**TASK INPUTS:**
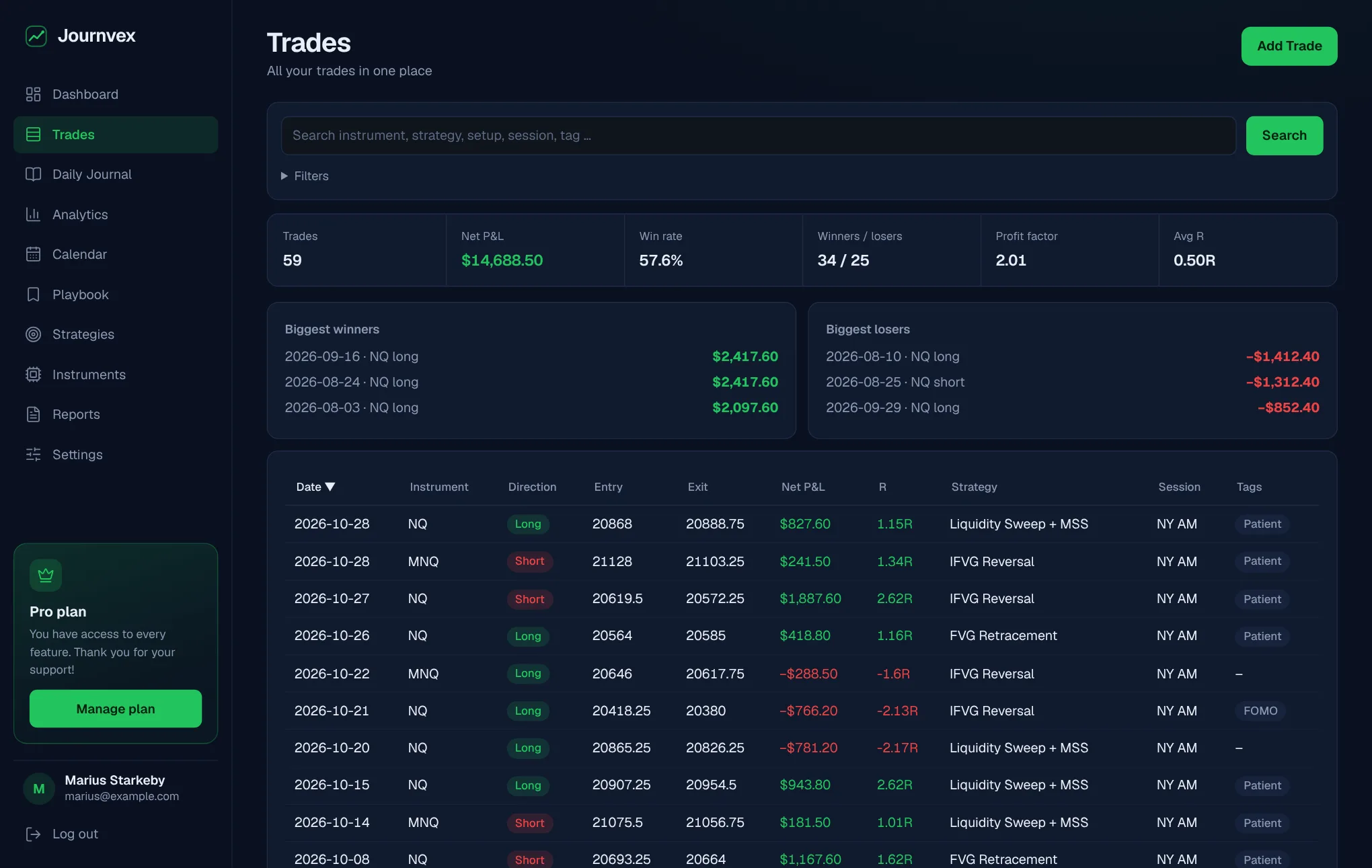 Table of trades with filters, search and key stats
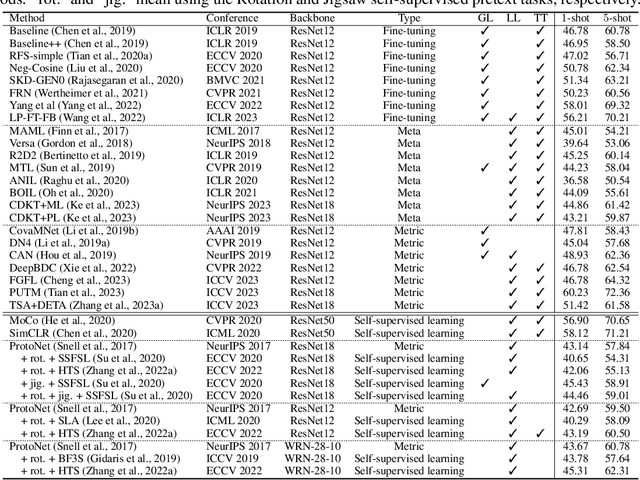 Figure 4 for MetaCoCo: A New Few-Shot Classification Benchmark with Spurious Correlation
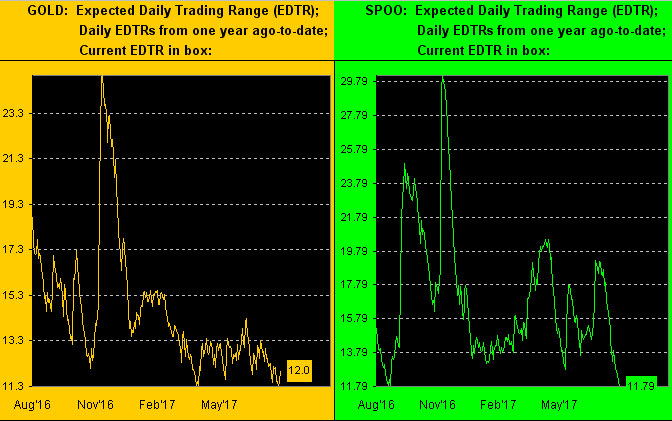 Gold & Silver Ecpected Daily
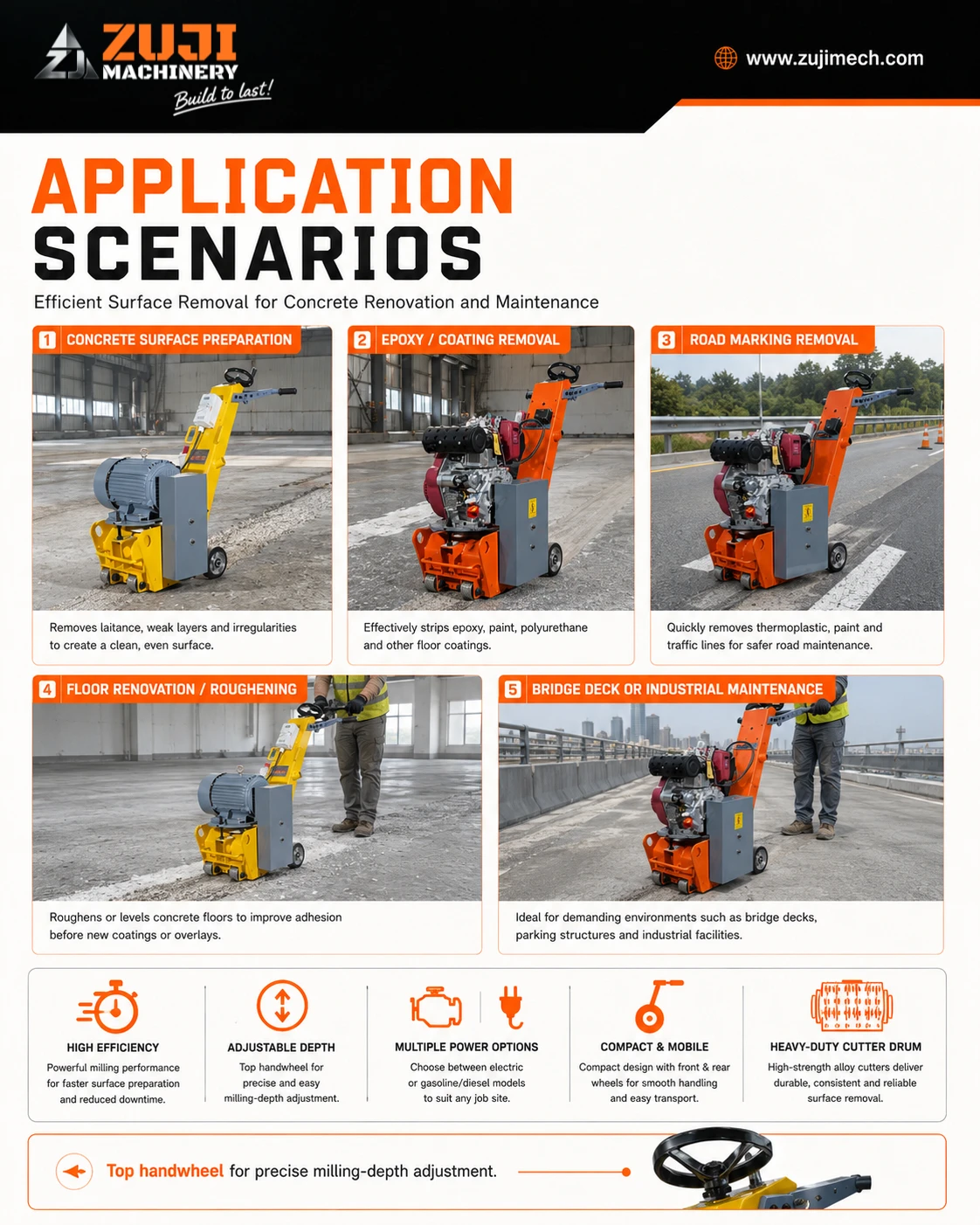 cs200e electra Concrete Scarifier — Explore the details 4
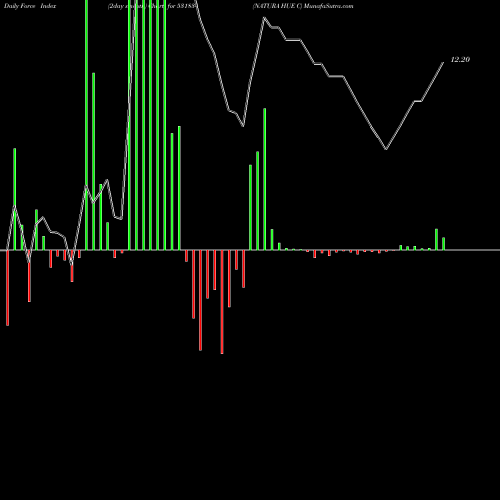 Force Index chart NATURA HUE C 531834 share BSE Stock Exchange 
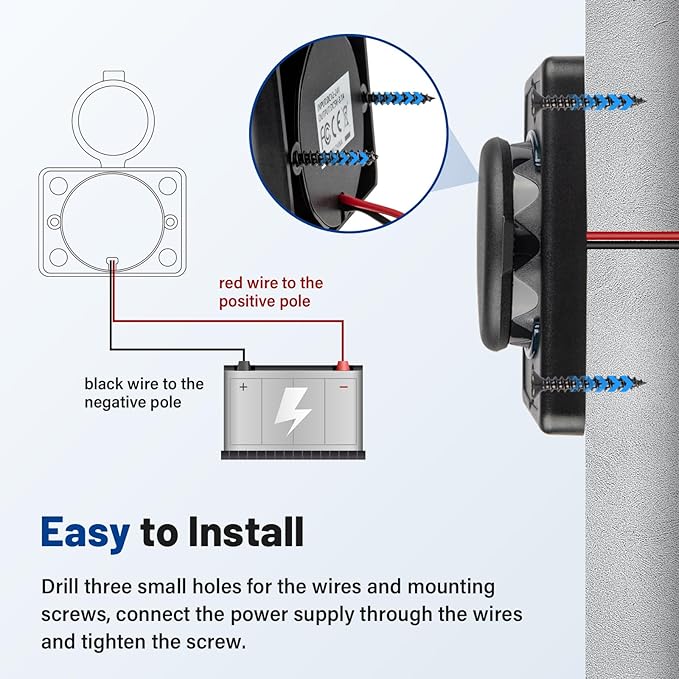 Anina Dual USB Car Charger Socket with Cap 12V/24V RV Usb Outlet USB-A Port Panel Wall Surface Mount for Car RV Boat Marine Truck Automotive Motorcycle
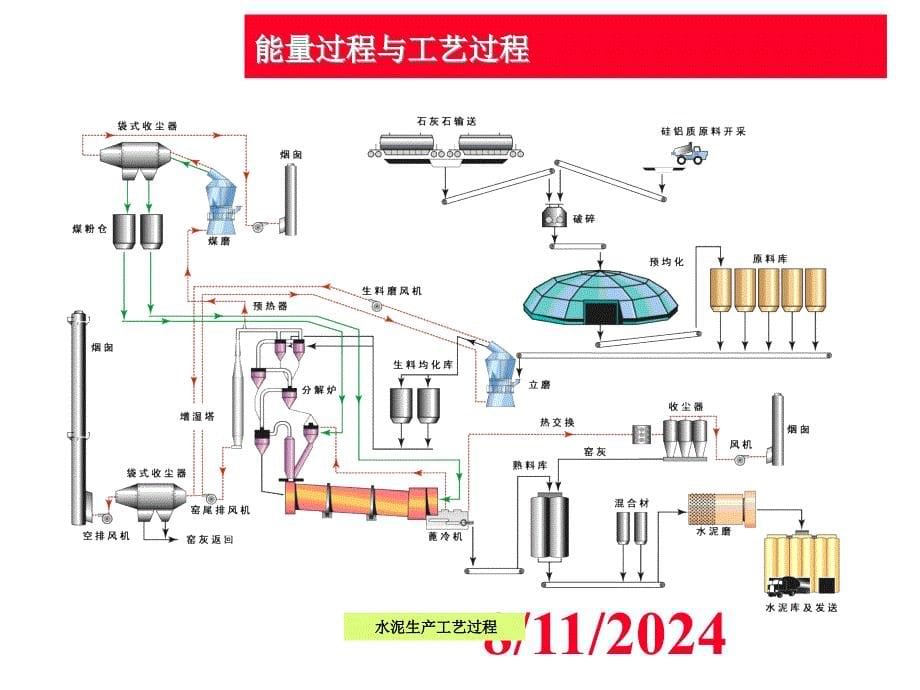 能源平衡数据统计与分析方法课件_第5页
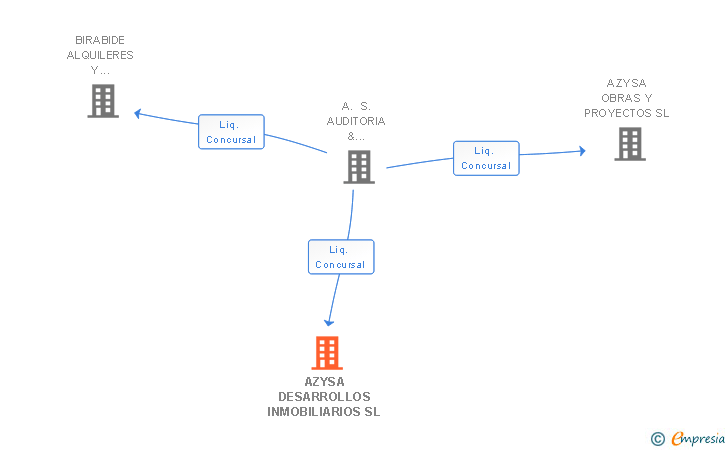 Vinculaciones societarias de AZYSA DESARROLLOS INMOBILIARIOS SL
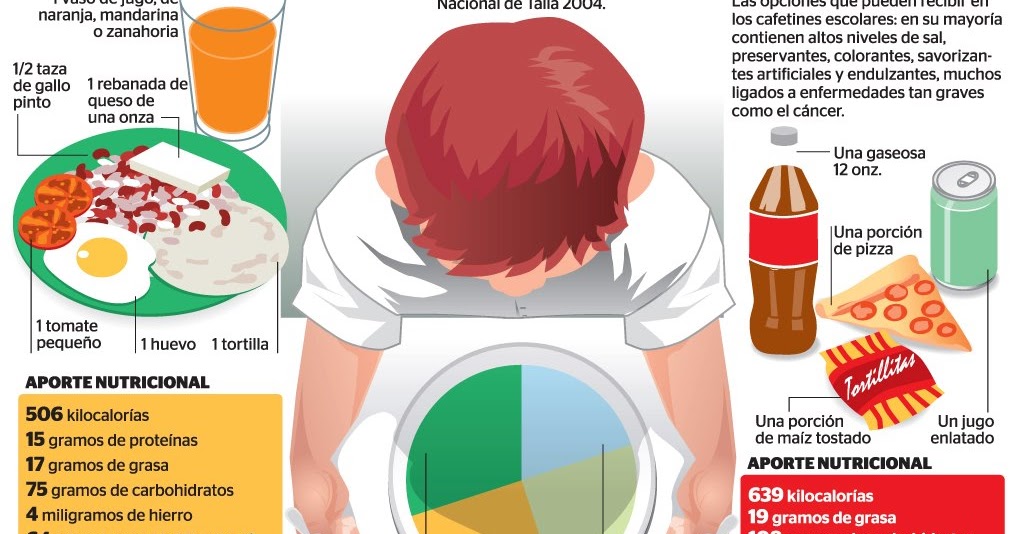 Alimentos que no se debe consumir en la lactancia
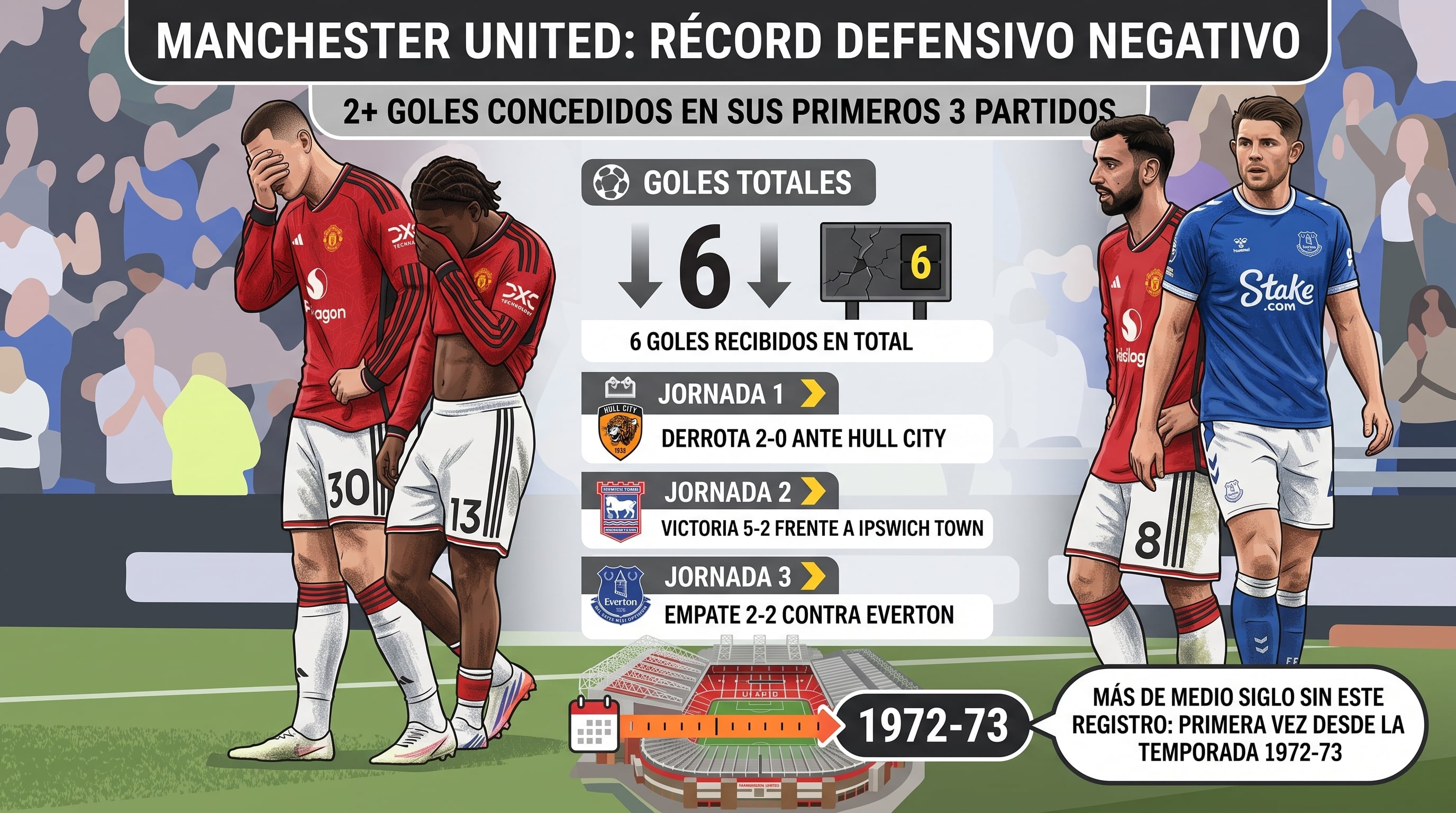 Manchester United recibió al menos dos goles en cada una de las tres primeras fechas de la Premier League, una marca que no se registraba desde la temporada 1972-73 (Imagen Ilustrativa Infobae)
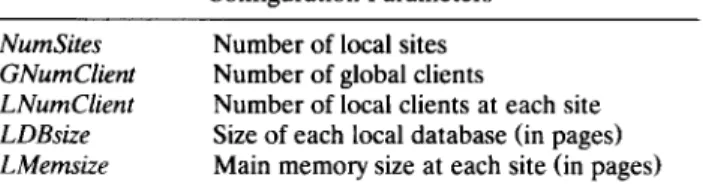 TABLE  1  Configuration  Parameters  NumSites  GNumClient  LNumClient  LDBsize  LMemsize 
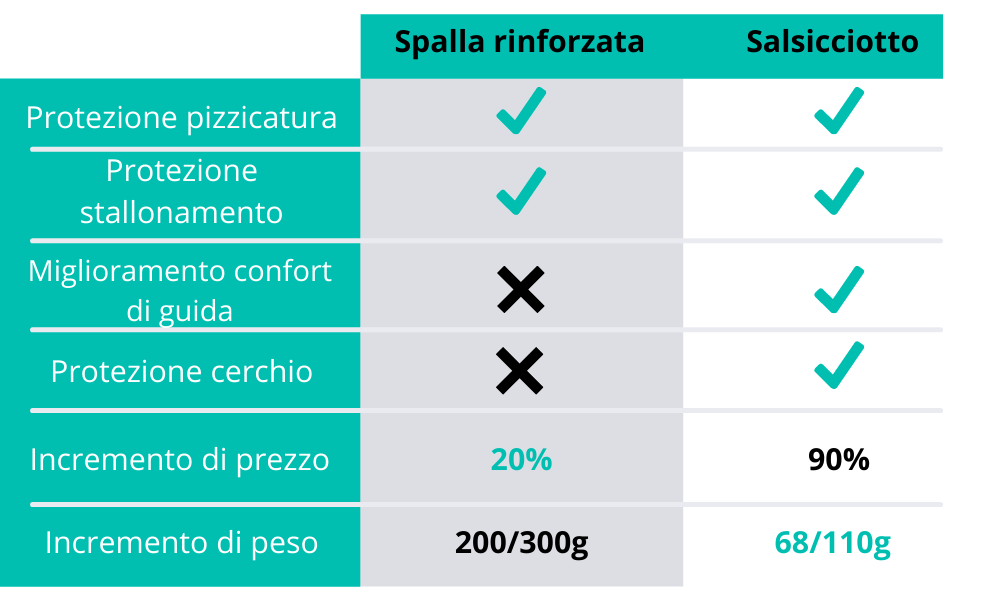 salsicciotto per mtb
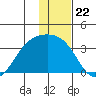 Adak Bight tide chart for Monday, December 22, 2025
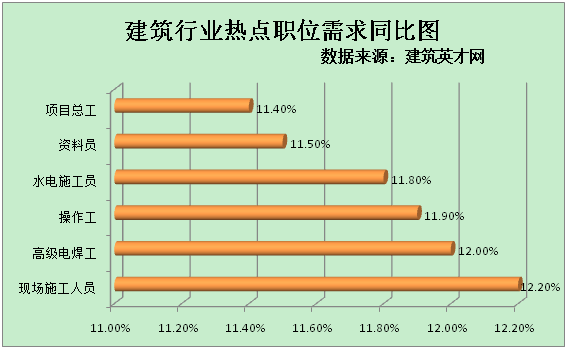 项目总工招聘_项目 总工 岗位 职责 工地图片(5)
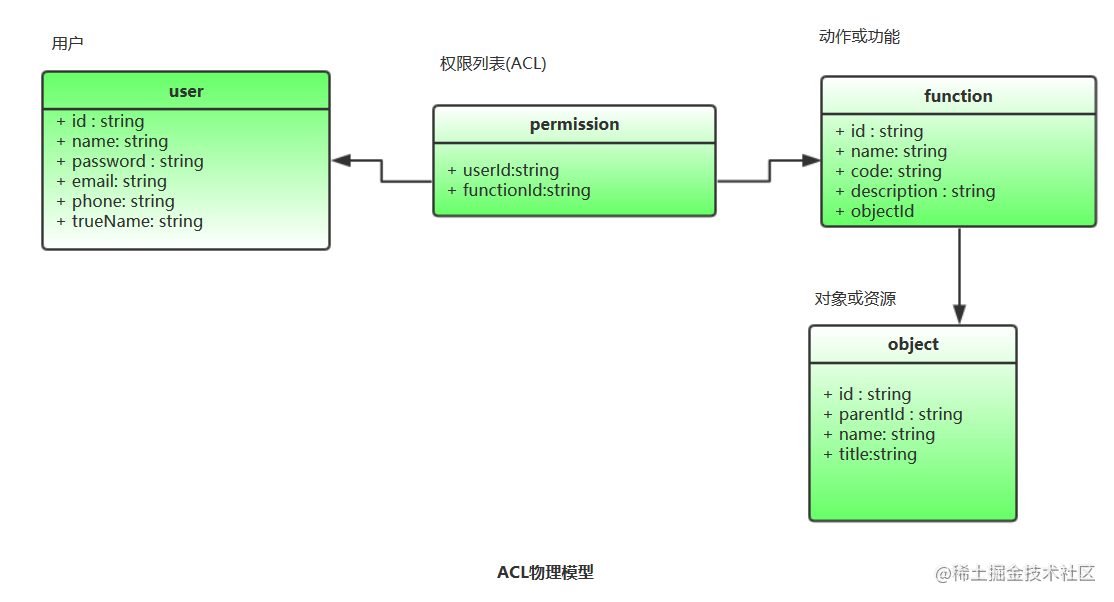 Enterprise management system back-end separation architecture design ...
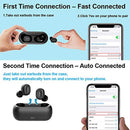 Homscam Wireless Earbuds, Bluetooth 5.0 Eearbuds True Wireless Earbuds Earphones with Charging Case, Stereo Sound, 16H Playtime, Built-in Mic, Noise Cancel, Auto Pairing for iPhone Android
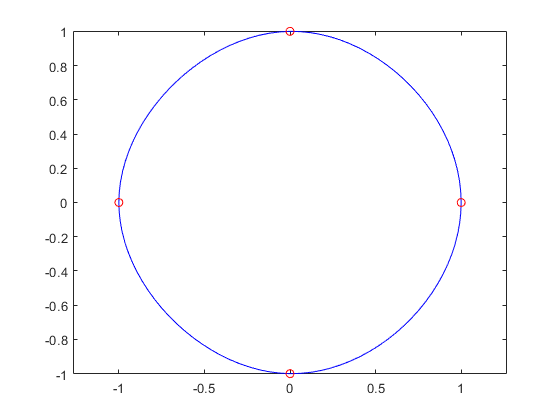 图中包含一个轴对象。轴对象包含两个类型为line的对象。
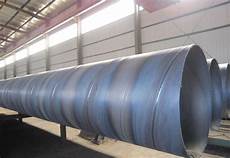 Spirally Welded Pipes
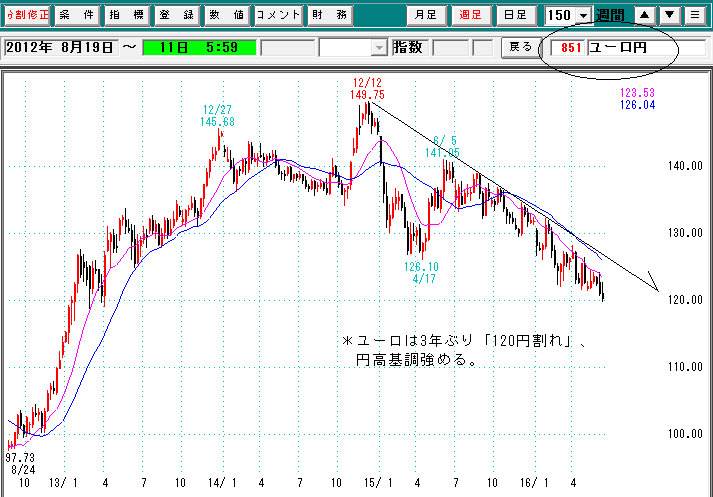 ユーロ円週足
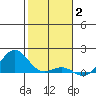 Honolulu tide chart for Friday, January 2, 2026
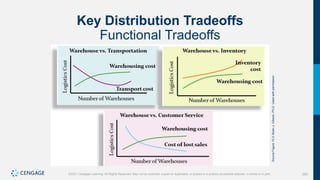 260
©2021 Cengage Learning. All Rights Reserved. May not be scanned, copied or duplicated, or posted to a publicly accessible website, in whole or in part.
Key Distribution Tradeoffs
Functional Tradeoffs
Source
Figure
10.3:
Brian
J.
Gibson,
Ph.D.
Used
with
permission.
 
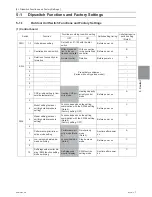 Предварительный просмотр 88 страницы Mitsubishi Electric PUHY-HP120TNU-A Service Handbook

**WHAT THIS TASK INVOLVES:** Every entry above, pictures excluded, needs to be duplicated exactly.

**PROBLEM SOLUTION:**
 Table of trades with filters, search and key stats
 Figure 4 for MetaCoCo: A New Few-Shot Classification Benchmark with Spurious Correlation
 Gold & Silver Ecpected Daily
 cs200e electra Concrete Scarifier — Explore the details 4
 Force Index chart NATURA HUE C 531834 share BSE Stock Exchange 
 Anina Dual USB Car Charger Socket with Cap 12V/24V RV Usb Outlet USB-A Port Panel Wall Surface Mount for Car RV Boat Marine Truck Automotive Motorcycle
 能源平衡数据统计与分析方法课件_第5页
 Vinculaciones societarias de AZYSA DESARROLLOS INMOBILIARIOS SL
 Alimentos que no se debe consumir en la lactancia
 Manchester United recibió al menos dos goles en cada una de las tres primeras fechas de la Premier League, una marca que no se registraba desde la temporada 1972-73 (Imagen Ilustrativa Infobae)
 TABLE  1  Configuration  Parameters  NumSites  GNumClient  LNumClient  LDBsize  LMemsize 
 salsicciotto per mtb
 Adak Bight tide chart for Monday, December 22, 2025
 项目总工招聘_项目 总工 岗位 职责 工地图片(5)
 Enterprise management system back-end separation architecture design ...
 Homscam Wireless Earbuds, Bluetooth 5.0 Eearbuds True Wireless Earbuds Earphones with Charging Case, Stereo Sound, 16H Playtime, Built-in Mic, Noise Cancel, Auto Pairing for iPhone Android
 图中包含一个轴对象。轴对象包含两个类型为line的对象。
 Spirally Welded Pipes
 ユーロ円週足
 Honolulu tide chart for Friday, January 2, 2026
 260
©2021 Cengage Learning. All Rights Reserved. May not be scanned, copied or duplicated, or posted to a publicly accessible website, in whole or in part.
Key Distribution Tradeoffs
Functional Tradeoffs
Source
Figure
10.3:
Brian
J.
Gibson,
Ph.D.
Used
with
permission.
 
 Предварительный просмотр 88 страницы Mitsubishi Electric PUHY-HP120TNU-A Service Handbook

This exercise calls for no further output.